Lapeer - A group of residents wants a hex put on the school district's proposal to include Harry Potter books as part of an eighth-grade English class.
Some residents believe the Potter books teach the occult and are not appropriate for children.
Laura Erpelding told Lapeer school board members Thursday that approval of the books as a reading text could turn children toward witchcraft, palmistry and wizardry as found in the Harry Potter volumes.
The proposal to include the books among several textbooks for underachieving eighth-grade readers was introduced at Thursday's school board meeting.
Erpelding told board members they would be supporting wiccan and satanic cults if they endorsed the books for reading.
Mary Ann Lessner, a member of Family Action Concerning Today's Society, a Lapeer-area group of about 30, encouraged board members and school administrators to further investigate Harry Potter before a decision is made on the books Feb. 7.
"Harry Potter is all about bad and evil," Lessner said. "He is deceitful. He uses lying and cheating and the ends justify the means. It's not like the witch stories when we were young."

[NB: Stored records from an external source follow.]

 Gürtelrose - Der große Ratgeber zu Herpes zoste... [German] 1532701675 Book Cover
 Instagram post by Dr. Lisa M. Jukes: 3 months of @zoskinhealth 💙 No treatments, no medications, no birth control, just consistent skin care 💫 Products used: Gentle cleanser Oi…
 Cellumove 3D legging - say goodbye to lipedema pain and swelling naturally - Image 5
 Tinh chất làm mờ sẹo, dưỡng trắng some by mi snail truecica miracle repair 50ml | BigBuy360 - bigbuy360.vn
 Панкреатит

Although none was in attendance at Thursday's meeting, Lessner said area Christian pastors would overwhelmingly disapprove of the Potter books.

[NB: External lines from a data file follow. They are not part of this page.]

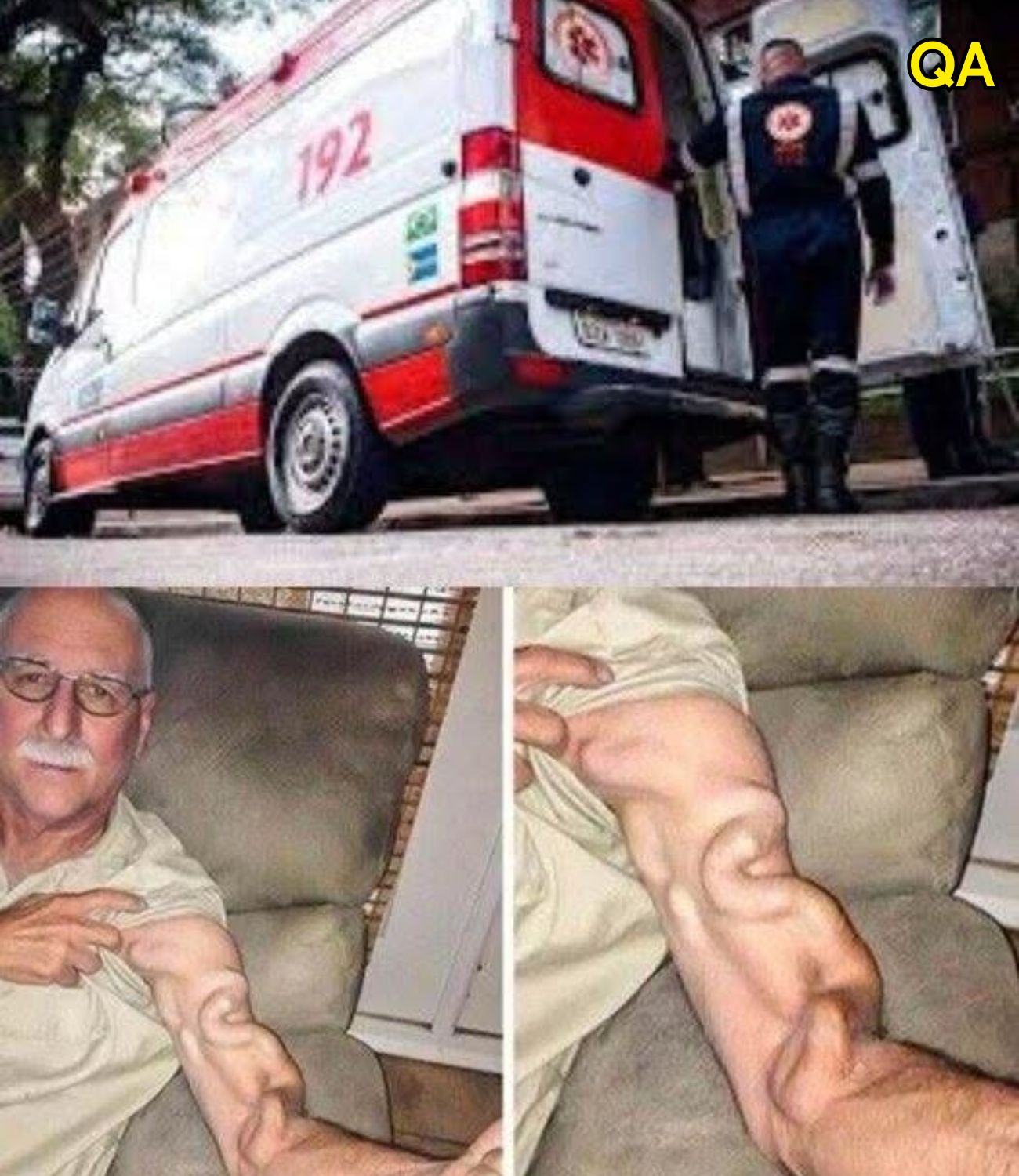HT14. A man goes to stretch and ends up feeling a sharp pain in his arm, it was a ca… See more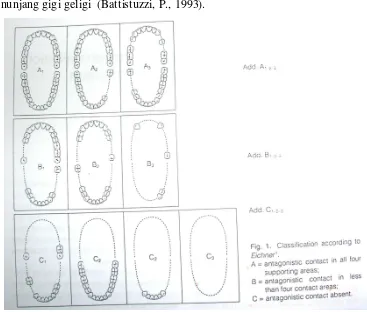 Gambar 4. Klasifikasi Eicher’s (Battistuzzi, P., 1993) 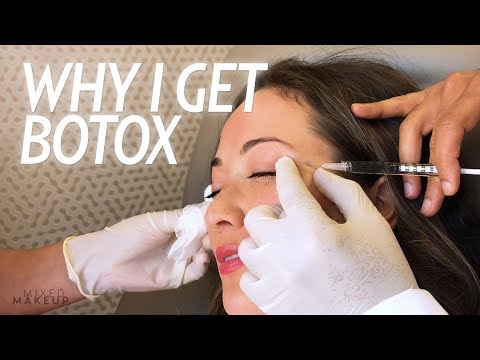 Why I Get Botox Injections for Wrinkles and More! | Beauty with Susan Yara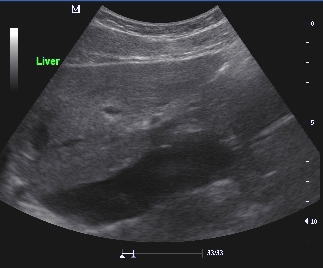 Ultrasound image of the Left lobe of Liver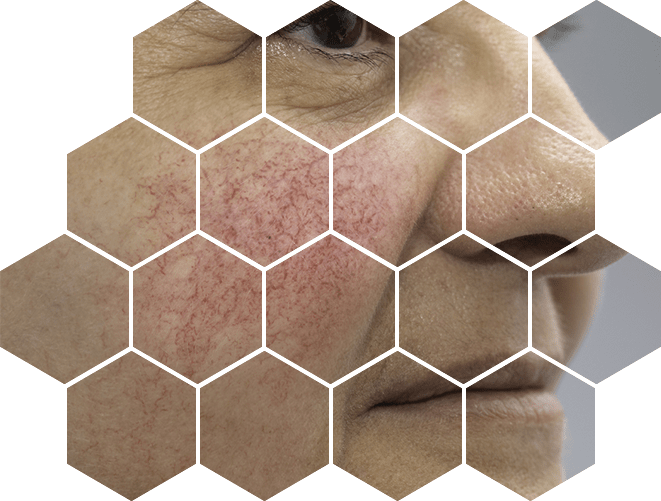 лечение купероза лазером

She blamed low attendance at the meeting on the late notice she received of the proposed textbook adoption.
"Schools throughout the nation have banned Harry Potter because he teaches Satanism, witchcraft and humanism all rolled up in fun for Harry Potter," Lessner said. "This has nothing to do with fundamental English, and we don't need it in the classroom."
Debbie Thompson, assistant superintendent of curriculum and instruction, said teachers recommended the book because it was aimed at students with a low reading level in the eighth grade.

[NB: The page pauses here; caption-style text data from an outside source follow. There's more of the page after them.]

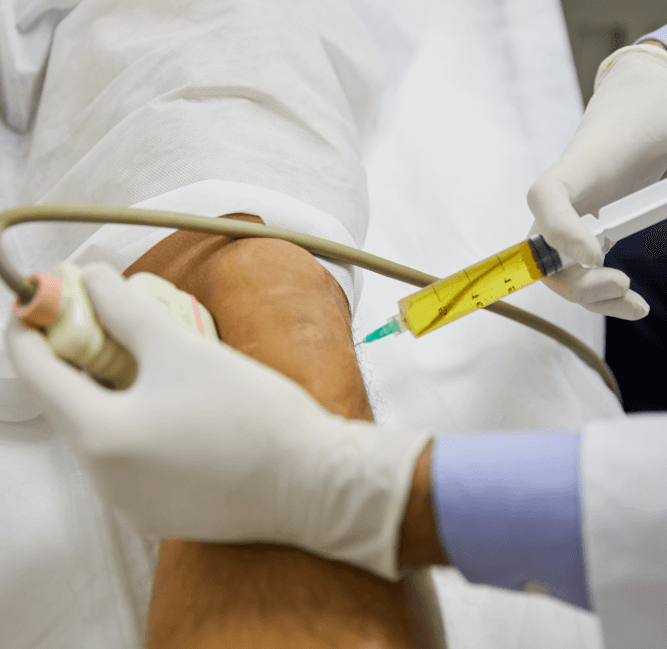 PRP ve Kök Hücre Tedavileri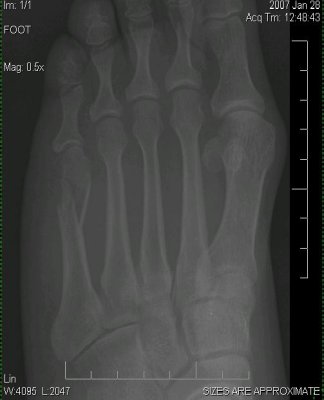Brenda's Broken Foot - Left Foot Bone - Can You See The Difference?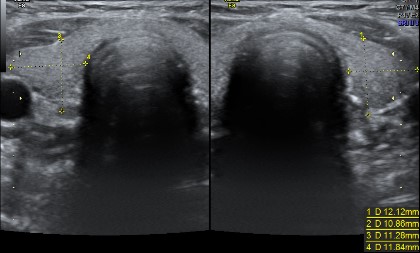 Neck / Thyroid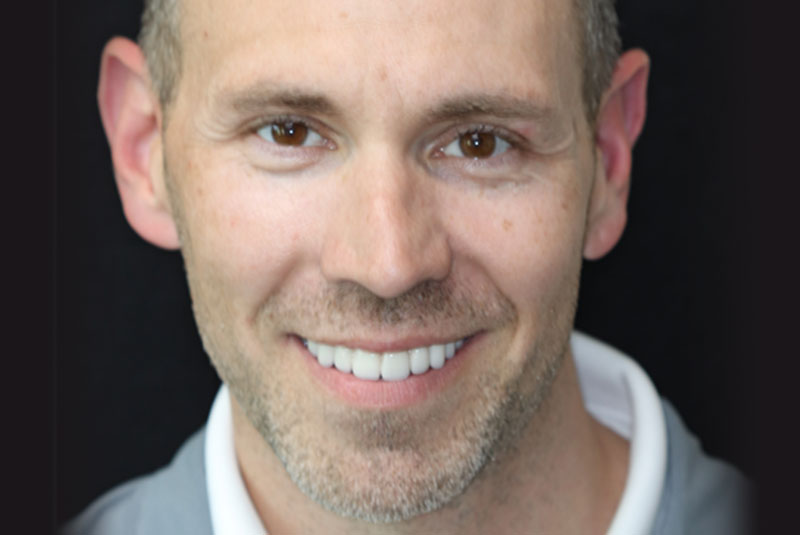 Smile after dental implant treatment
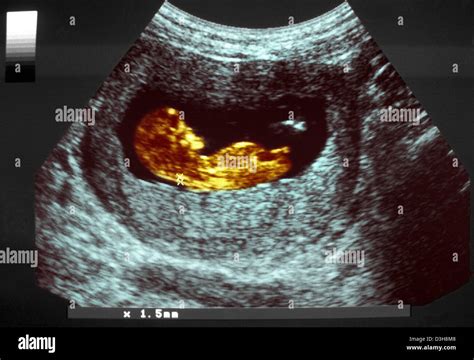 Nuchal translucency ultrasound scan 12 hi-res stock photography and images - Alamy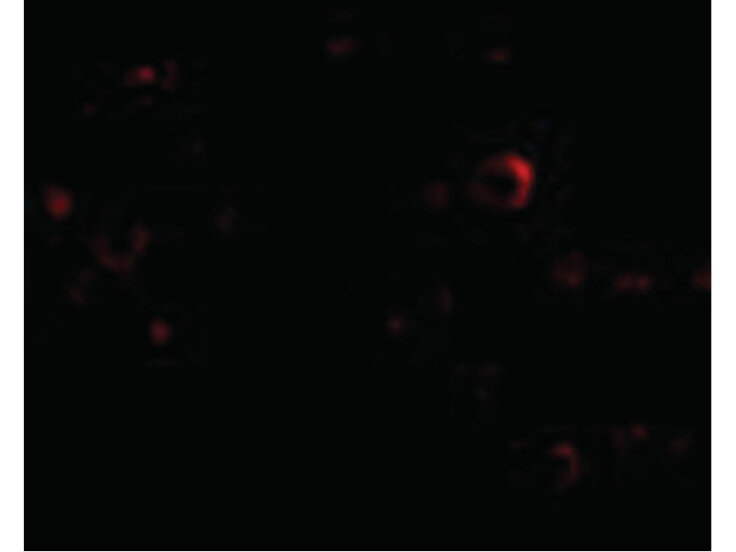 Immunofluorescence of EVER2 Antibody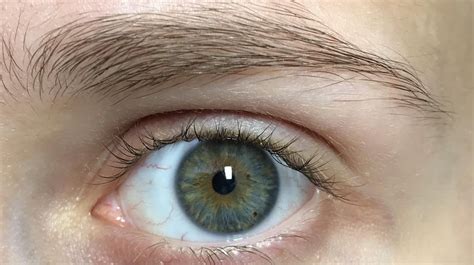 Blue Gray With Central Heterochromia 💙 Eyes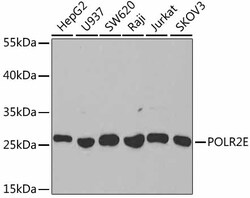 Invitrogen POLR2E Polyclonal Antibody 100 &mu;L | Buy Online | Invitrogen&trade; | Fisher Scientific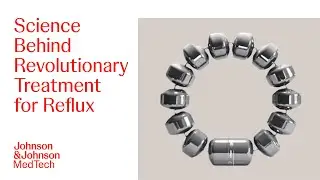 All about LINX Acid Reflux Management System Design | J&J MedTech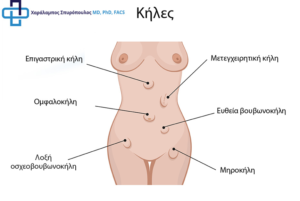 Κήλες: Ποιες είναι και πώς αντιμετωπίζονται; 42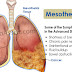 Mesothelioma Cancer: Symptoms of Mesothelioma Cancer - BlogNews-24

"The teachers feel the books are well-written and meet a significant need," Thompson told board members. Students, even those who normally don't like reading, find the books interesting.
"Playboy would be interesting to eighth-grade boys, but you wouldn't advocate that," Erpelding said. "Why can't they read biographies of the founding fathers?"
As in all supplemental reading selections, parents and students could opt for alternative readings if they objected to the material, Thompson said.
Students, even those who would object to the books, would not be comfortable in rejecting the books because of peer pressure, Erpelding said.
Board President Arthur Sieting said from his reading of the books they were more of a fantasy than a religion, but he asked Superintendent Ron Caniff to get an opinion on whether the district would be endorsing a particular religion by approving the books.
Thompson said teachers would talk with students about the fantasy aspect of the books during class discussions. The district was not purchasing the teacher's guide for the Potter series.
Caniff offered to meet with Lessner, Erpelding and other residents concerned about the books between now and the next board meeting.
The superintendent said his research on the controversy found the Christian community was split on whether Harry Potter was harmful and dangerous, or fanciful and fun.
Lessner and Erpelding said they would mobilize more parents and residents before the February meeting.